Up and at ‘em
Despite offseason’s frustrations, Wildcats ready to kick off new season
It's a look back that encourages the De Soto football team.
That, to say the least, comes as a bit of a surprise.
Last season's record wasn't the record the Wildcats had hoped for. The ending wasn't the ending they had hoped for, and the offseason -- marked by the transfer of senior quarterback Jake Morse -- wasn't the offseason the team had hoped for.
Still, in all of that is optimism for the new season, Cat coach Brad Scott said.
"I've been really happy with the way they kids have approached this season," he said. "We have the potential to be a pretty good football team, but potential doesn't matter if you don't go out and play hard.
"That's the thing we're really preaching now."
De Soto's finished 2006 a disappointing 4-5 -- disappointing not because the team was that bad, but because it wasn't. The Cats won their first three games of the season, then dropped three in a row, plus their final two.
Beneath a 34-15 shellacking at Louisburg, a fist-clenching 14-13 loss to eventual Class 4A runner-up Paola and a emotion-draining, playoff-denying 18-7 defeat to Spring Hill there is hope, Scott said.
De Soto held the lead into the second half in four of its five losses. For nearly three quarters -- sometimes more -- the Cats played rough with some of the state's elite Class 4A programs. In the end of each of those close games a worn out and exhausted De Soto team crumpled.
The bright spot, Scott said, was running everywhere early Monday morning when the team first started its fall practices. It was lapping up the water to fight off an already steamy morning. It was pulling on new helmets and going through old drills.
The bright spot was the program's largest team since the split with Mill Valley, seven years ago. Numbers mean depth, and depth could mean a better end to the grueling games the Cats just couldn't keep up in a year ago.
"We had 68 kids there, which at our school is unheard of," Scott said. "My first year we had 25 in four grades. The last three years have been pretty steady near 50, been down as low a 41 or 42 or up to 52, then all the sudden this year we jump up to almost 70 kids. We're thrilled with how many kids we have."
If it's the depth that pops to Scott's mind first, it's certainly not for lack of quality returning players. De Soto enters the new season with plenty of questions, but it returns a few answers, too, especially when it comes to scoring points.
De Soto lost two of its top three receivers from a year ago and the third, Erik Hill, is set to replace Morse at quarterback. Hill will still be on the field, however, and he led the team in touchdowns last year, scoring eight from his tight end position.
Shane Miller also returns after having finished second on the team in scoring with six touchdowns as a receiver, a running back and a kick returner.
The duo together scored as many touchdowns as the rest of the team combined.
In Hill, Scott said he has a playmaker.
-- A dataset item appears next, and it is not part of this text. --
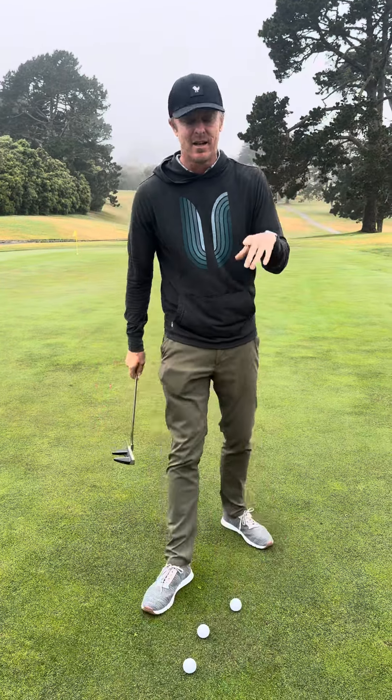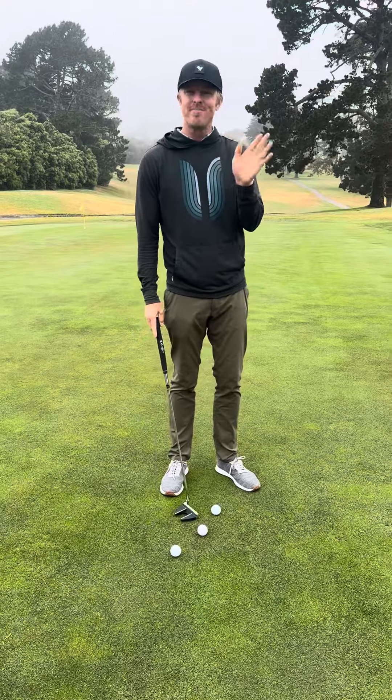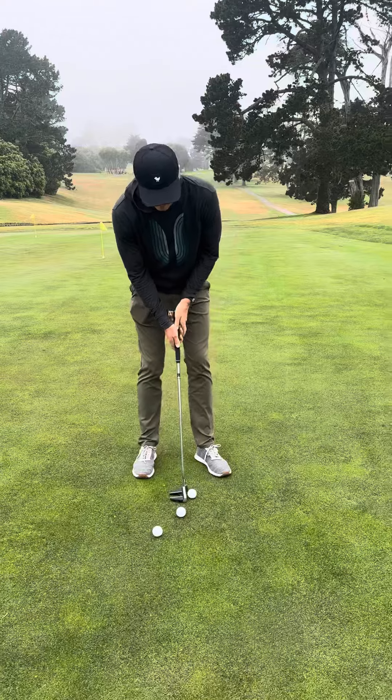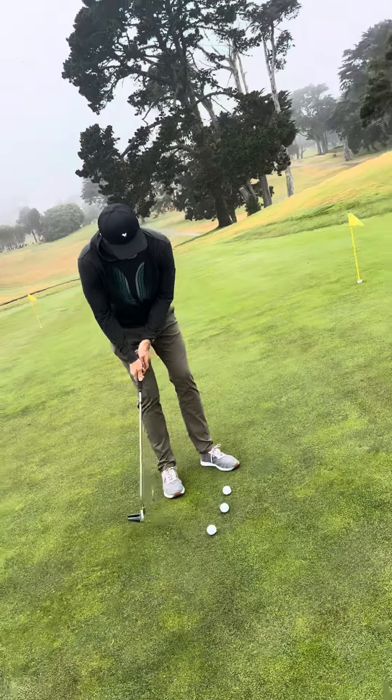Something you can do on the putting green: we always like to putt to a hole. Don't putt to a hole. Take three balls and see how good you are at getting that speed so that the ball is going to end right on the fringe.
He's big and strong, qualities that made him a dazzling tight end and a vicious defensive end last season.
This year his success will be less about flexing the muscle and more about managing a stable of speedy and talented running backs and receivers.
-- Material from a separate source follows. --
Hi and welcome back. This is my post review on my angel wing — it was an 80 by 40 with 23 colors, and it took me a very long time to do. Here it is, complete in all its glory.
"For us to be successful, we need to have the ball in his hand. We have a lot of kids like that, and that's different for us," Scott said. "Usually we only have a few kids like that, but now we have seven or eight kids who any time they touch it, they can take it to the house.
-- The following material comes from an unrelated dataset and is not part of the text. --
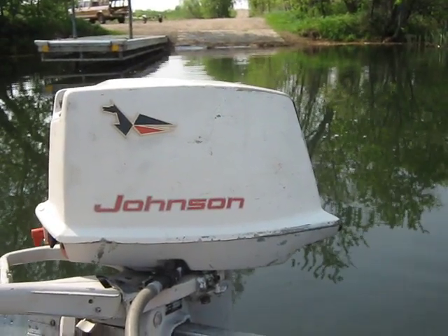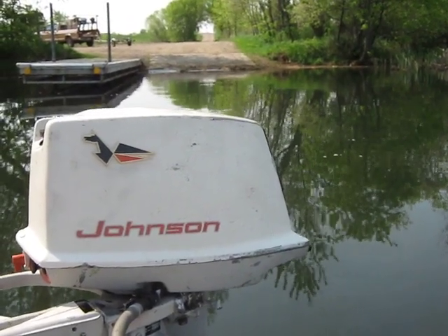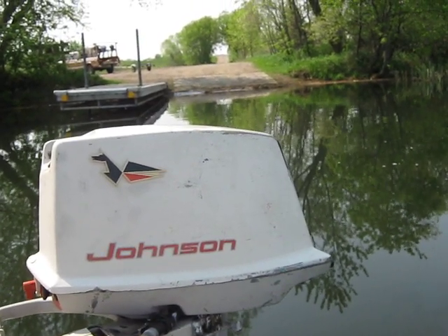Hello everybody, Ben Ditmar here again. Today is May 8th, 2016 and Pepper and I are out here on Pickerel Lake in Nelden Township. We're going to test some more old motors. I believe this is motor number six for today.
"Erik's going to be the catalyst. You could call him the point guard of our offense."
Miller is the lead horse in that stable. He's a senior now, but he's been employing his blazing speed to good effect for two seasons.
He won't be able to do it alone, however. Miller was second on the team with 222 yards rushing a year ago, and is the only one returning with any significant stats in that department. De Soto, saddled with a small and inexperienced offensive line in 2006, often struggled to run the ball, finishing with more than 400 fewer yards on the ground than it had through the air.
Miller and the rest of the backs struggled, and any breakaway potential was often lost to a swarm of tacklers.
"We want to get it to him in space, and the nice thing is we've got some young kids that are ready to step up, like Mark England and Dylan Burford," Scott said. "He doesn't need to be the focal point he was at the end of the season last year. When people were able to gang up on him, he didn't have as much success.
"Now with these weapons we feel we'll be able to get him out in space again."
Defensively the De Soto lost nine of its top 11 tacklers and all but one of the players who registered a sack. New starters and new stars will need to rise up from across the defense, just as they will across the offense at receiver and on the line.
Scott and the Cats are optimistic, though. They have 68 reasons to be.
"We graduated 8 kids, but we have a freshman class of 28 or 29. We bring in another class we're to 80 or 90 kids out for football," he said. "We're just unbelievably excited about the number of kids we have wanting to play in our program.
"We're going to rotate a lot more. We've got the depth to throw some fresh bodies out there."